I’m willing to bet if you are reading this you are in some form or another a fan of motorsports. I am. I love anything that has an engine and can be made to be more powerful.  L-O-V-E-I-T.  And at the end of every day I feel incredibly lucky that I could turn my love for horsepower into a business and it can support my family.  I’m also incredibly lucky to get to be a part of so many different types of motorsports. Through sponsoring events and organizations, competing when we can, helping customers with their machines, or just through the large network of friends who are involved, we get to be part of nearly every type of motorsports out there. It’s not uncommon to find one of us at some sort of motorsport event every weekend.  And being involved all the time with promoters, customers, competitors, sponsors, and fans gives us a very candid and I feel unique understanding of the big picture.  And there is this huge struggle.
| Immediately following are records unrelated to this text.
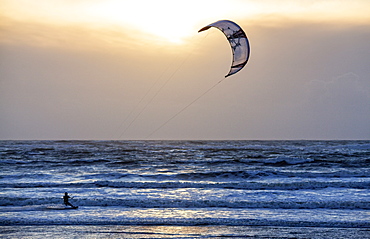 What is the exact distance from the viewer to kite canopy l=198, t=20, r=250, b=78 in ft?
53.5

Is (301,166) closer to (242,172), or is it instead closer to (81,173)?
(242,172)

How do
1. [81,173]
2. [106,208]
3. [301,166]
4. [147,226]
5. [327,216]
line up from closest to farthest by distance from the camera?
1. [147,226]
2. [327,216]
3. [106,208]
4. [81,173]
5. [301,166]

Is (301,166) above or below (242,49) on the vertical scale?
below

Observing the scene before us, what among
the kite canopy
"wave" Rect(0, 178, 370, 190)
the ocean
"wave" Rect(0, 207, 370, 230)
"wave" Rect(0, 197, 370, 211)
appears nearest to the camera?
the ocean

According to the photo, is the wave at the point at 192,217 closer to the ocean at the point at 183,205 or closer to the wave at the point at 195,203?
the ocean at the point at 183,205

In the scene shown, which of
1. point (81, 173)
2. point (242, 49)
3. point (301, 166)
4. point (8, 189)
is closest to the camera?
point (242, 49)

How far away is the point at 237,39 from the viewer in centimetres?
1645

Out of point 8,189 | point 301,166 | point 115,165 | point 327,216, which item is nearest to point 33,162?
point 115,165

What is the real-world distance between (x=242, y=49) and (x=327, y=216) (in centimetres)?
703

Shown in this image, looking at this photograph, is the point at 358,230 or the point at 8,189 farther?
the point at 8,189

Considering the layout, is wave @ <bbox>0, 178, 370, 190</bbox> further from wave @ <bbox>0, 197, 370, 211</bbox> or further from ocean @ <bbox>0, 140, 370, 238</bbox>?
wave @ <bbox>0, 197, 370, 211</bbox>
The past week or two I have been flooded with questions about a few organizations that we sponsor and have been asked for my thoughts which I have pretty much withheld.  After spending the morning with a race car owner helping him get his car dialed in, it occurred to me that it might be important to share my thoughts.  For those that are not local, there are two dirt race tracks within ten miles of each other.  They both changed management/owners at about the same time a year or so ago.  Unfortunately one of them has decided to make tonight their last race ever and close the track. The other seems to be still going strong.  We have sponsored both tracks and a few folks have questioned our decision to main sponsor the last night of racing at the one track.  I’m actually starting to question it myself after the complete lack of promotion our money has brought us this week leading up to it.  We had budgeted a certain amount of money this year for that race track’s sponsorship.  While we have been disappointed by the lack of exposure we have received this year at the closing track, one of the monster truck drivers performing there tonight is our friend and I figured our money is probably lost either way.  So if our sponsorship of the night helps bring in enough fans so that our monster truck friend has a good show, so be it. But enough about that. I want to give my thoughts about this whole sort of situation in general.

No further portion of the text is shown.